Coming to live and work in Belfast I was very disappointed to find that
there was a very small community from the Indian sub-continent here and
consequently very little choice in the Indian restaurants. The only one that I
found which produced good quality food was the oddly named Lolita in Stranmillis,
which unfortunately closed a few years ago. Sadly I’d not found a good Indian restaurant
in Dublin either. But I’d heard that a new one called Pickle was good and was
keen to try it. We were not disappointed.
We had the early evening menu, two courses for €22. I had Seek Kebab and
Chicken Tikka, two items you would find on most menus. But the aromas and tastes
of these dishes were extraordinary. The chef is from northern India. He grinds
and mixes his own spices and it shows. As I drank in the flavours, I was back
in Saleem’s in Balsall Heath where as a student I had first tasted those intensely
rich and heady spices. I was almost expecting to find the dodgy jukebox in the
corner filled with Bollywood anthems. But Pickle is squarely aimed at an
upmarket customer and is more discreet in its style. On the a la carte menu,
which we will be going back for, most of the main courses are over €20. As we
left we noticed a plaque in the foyer which showed that Pickle had been chosen
as the best Indian restaurant in Ireland.
Richness, drama and intensity also mark out the paintings of Caravaggio.
The exhibition, on tour from the National Gallery in London, displays the huge
impact that he had on other artists during his short life (1571-1610). There were
only four Caravaggios on show. This confirms how highly valued and closely
guarded his work continues to be. They included the iconic ‘Boy Bitten by a
Lizard’ and the ‘Supper at Emmaus’. The remainder of the exhibition featured paintings
by his contemporaries who were seeking to emulate and utilise his powerful new style.

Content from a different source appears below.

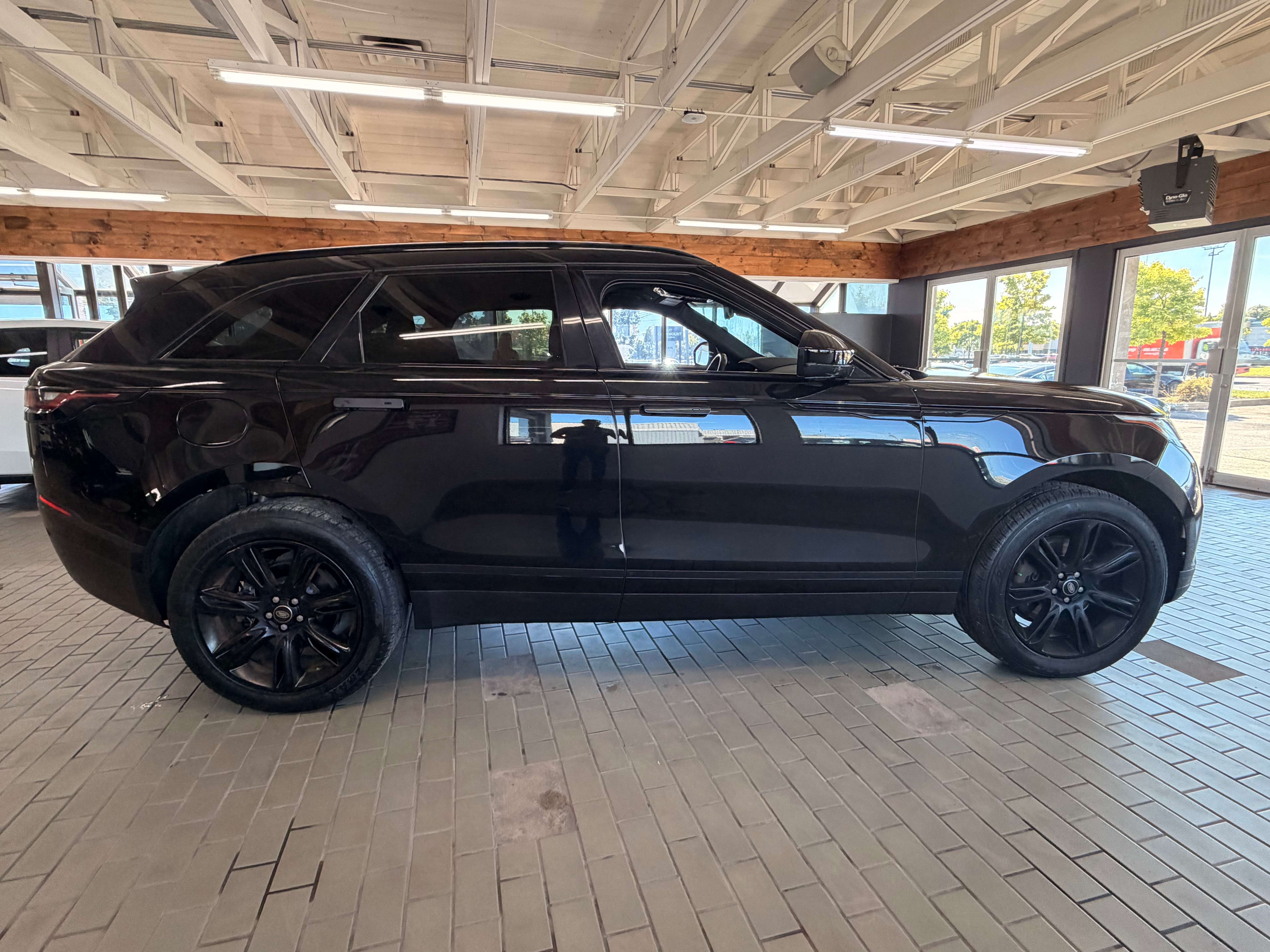 2023 Land Rover Range Rover Velar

Some achieved this so successfully that for many years their paintings were
actually thought to be by Caravaggio himself.
What I love about Caravaggio is the extremely skilful composition of each
of his pieces. The paintings are intense and dramatic, the human figures are in
close up and every gesture connects you to another part of the scene that is
realised in an intensity of light and dark paint (called chiaroscuro).
Apparently he worked using sketches of live models who posed each figure in the
drama, which he then put together into the final rich and powerful composition.
You look at the whole painting and then your gaze is slowly taken around and
across it by the shape of the bodies, the gestures of the figures and the play of
light and darkness.
My favourite piece by Caravaggio is a triptych in the church of San Luigi
dei Franchesi in Rome. On three walls of a chapel are displayed episodes from
the life of St Matthew. The left wall appears to be a scene in a tavern; it is
in fact at a tax collectors. Men are sitting around a table, lit from a window
to the right. There is a complex interplay of gestures and sightlines. A
bearded man has entered the room and points towards a young man in a feathered
hat, brightly lit at the centre of a canvas. Jesus has chosen the disciple to
follow him. On the right wall an assassin
in loincloth with rippling muscles is about to thrust a sword into the supine
saint, who lifts up his arms in protest. Smartly clothed men look on almost
impassively, whilst a young boy turns away in terror. The sightlines, gestures
and chiaroscuro of these two pieces on opposite walls interact extremely
powerfully and dramatically. The centrepiece is the least interesting,
depicting the saint with a halo and an angel above. Apparently it is the second
version. The first was rejected because it was considered too radical. The
saint and the angel were depicted intertwined around his writing of the gospel.
This picture hung in a museum in Berlin but was destroyed during the Second
World War.
This triptych, painted in 1600, was Caravaggio’s first major commission
and made his name. After that he became patronised by a rich Cardinal and painted
many of the great works on religious themes that he is now known for. Unfortunately,
you cannot transport a chapel in Rome to an exhibition in Dublin.